__Exercise description__: Search the records below for the string "with", and report each line that contains it.

::: Material supplied

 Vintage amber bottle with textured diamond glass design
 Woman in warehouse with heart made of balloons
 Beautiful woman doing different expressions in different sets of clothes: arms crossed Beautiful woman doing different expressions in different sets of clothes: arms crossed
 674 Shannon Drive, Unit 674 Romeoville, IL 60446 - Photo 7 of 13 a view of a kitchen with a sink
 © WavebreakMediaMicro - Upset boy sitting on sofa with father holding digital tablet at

::::::
::: Material supplied

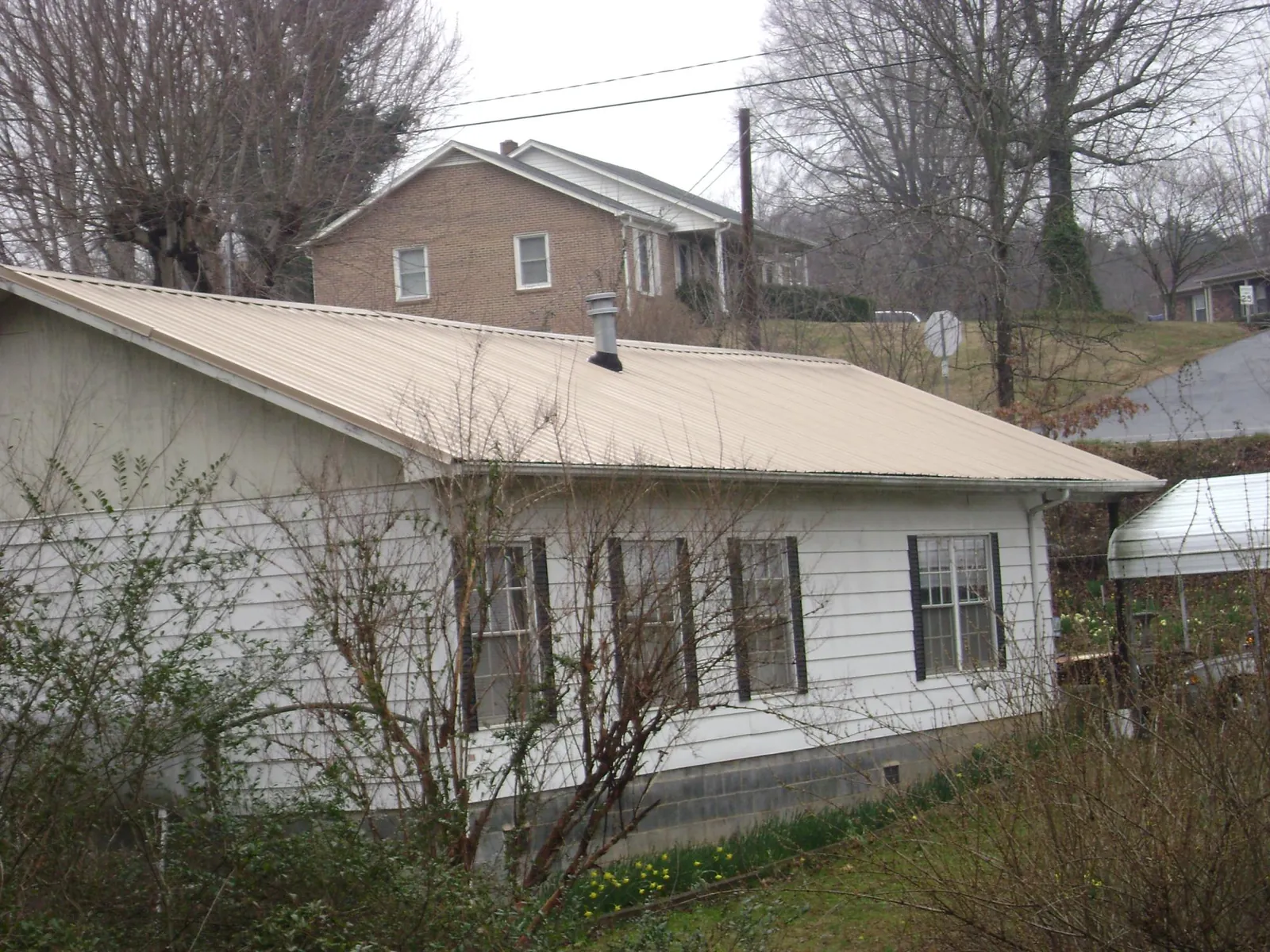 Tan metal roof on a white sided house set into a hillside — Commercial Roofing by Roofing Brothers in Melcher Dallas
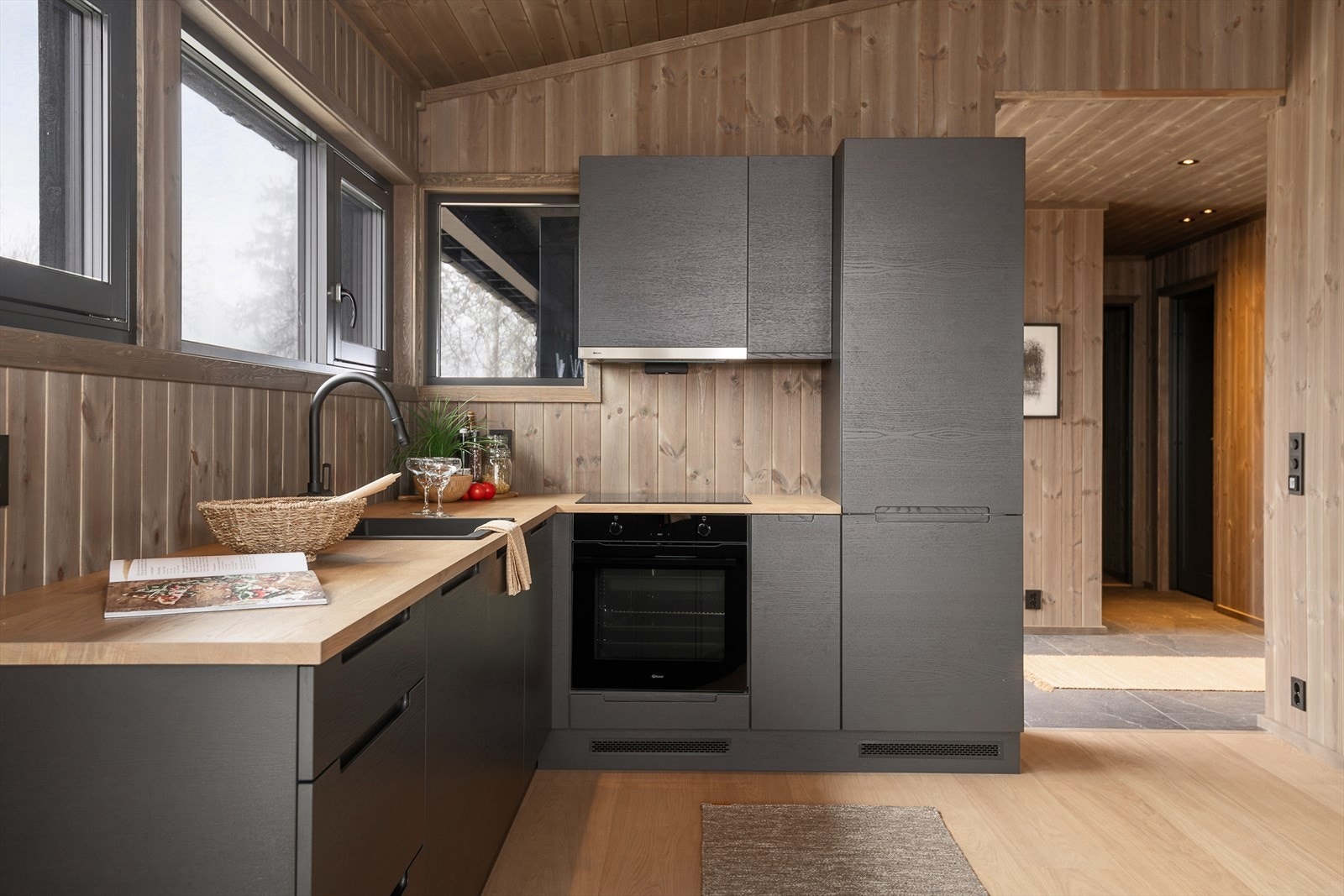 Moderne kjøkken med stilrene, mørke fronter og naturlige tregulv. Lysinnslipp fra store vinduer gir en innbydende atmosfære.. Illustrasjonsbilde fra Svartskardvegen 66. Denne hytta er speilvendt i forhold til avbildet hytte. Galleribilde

::::::
::: Material supplied

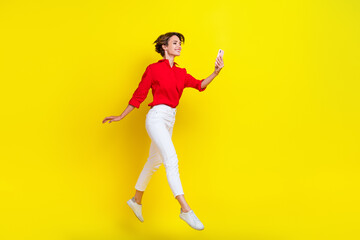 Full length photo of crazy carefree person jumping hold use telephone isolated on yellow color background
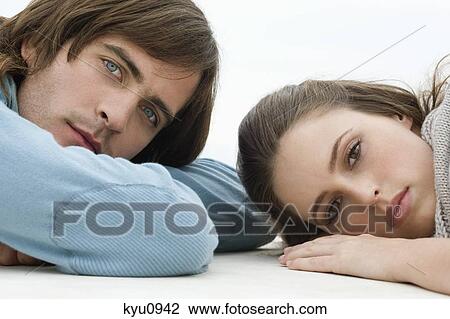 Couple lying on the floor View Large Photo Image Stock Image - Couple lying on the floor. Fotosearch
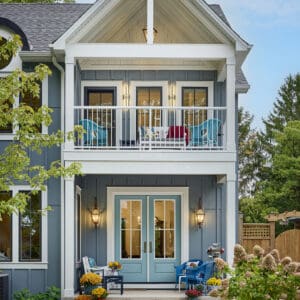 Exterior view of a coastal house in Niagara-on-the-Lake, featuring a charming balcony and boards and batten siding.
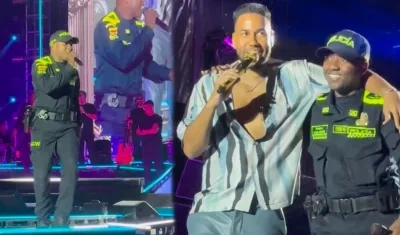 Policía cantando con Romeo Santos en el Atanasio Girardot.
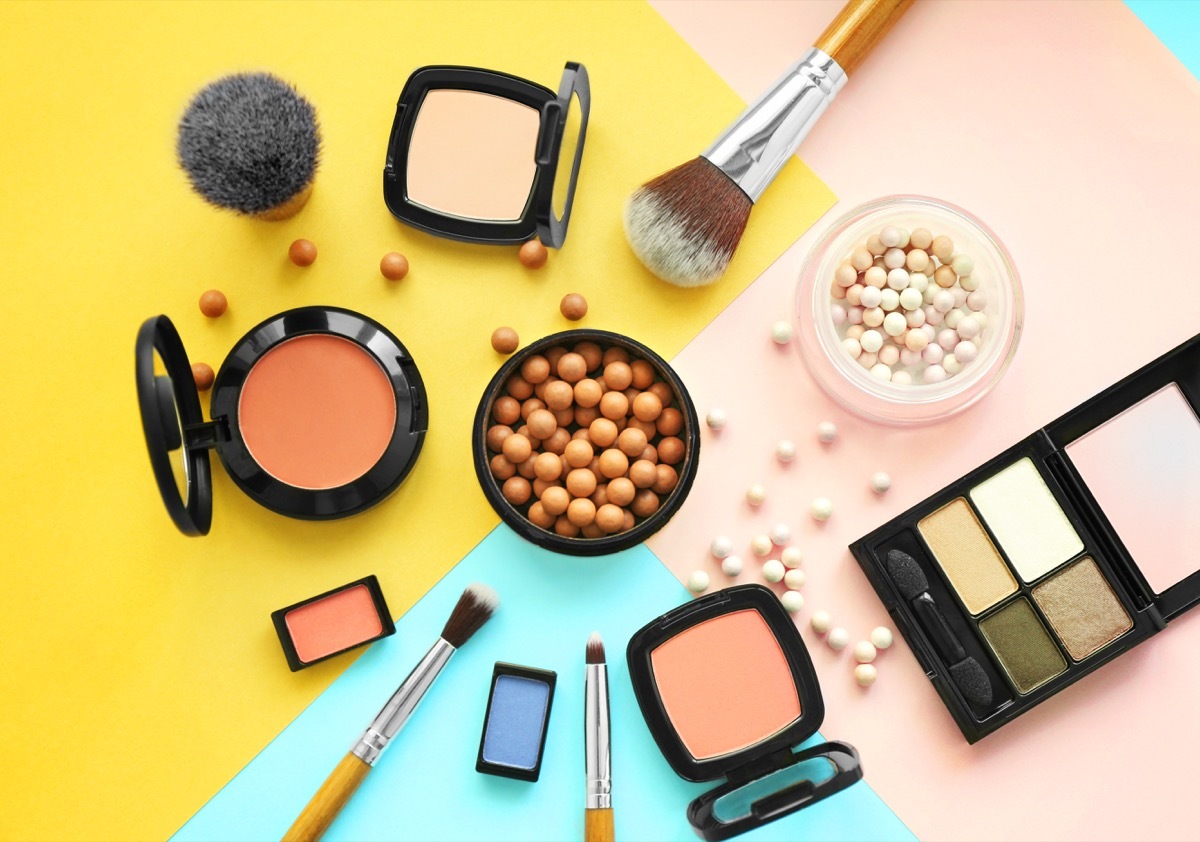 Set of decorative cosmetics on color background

::::::

__Result of the exercise__:
 Vintage amber bottle with textured diamond glass design
 Woman in warehouse with heart made of balloons
 674 Shannon Drive, Unit 674 Romeoville, IL 60446 - Photo 7 of 13 a view of a kitchen with a sink
 © WavebreakMediaMicro - Upset boy sitting on sofa with father holding digital tablet at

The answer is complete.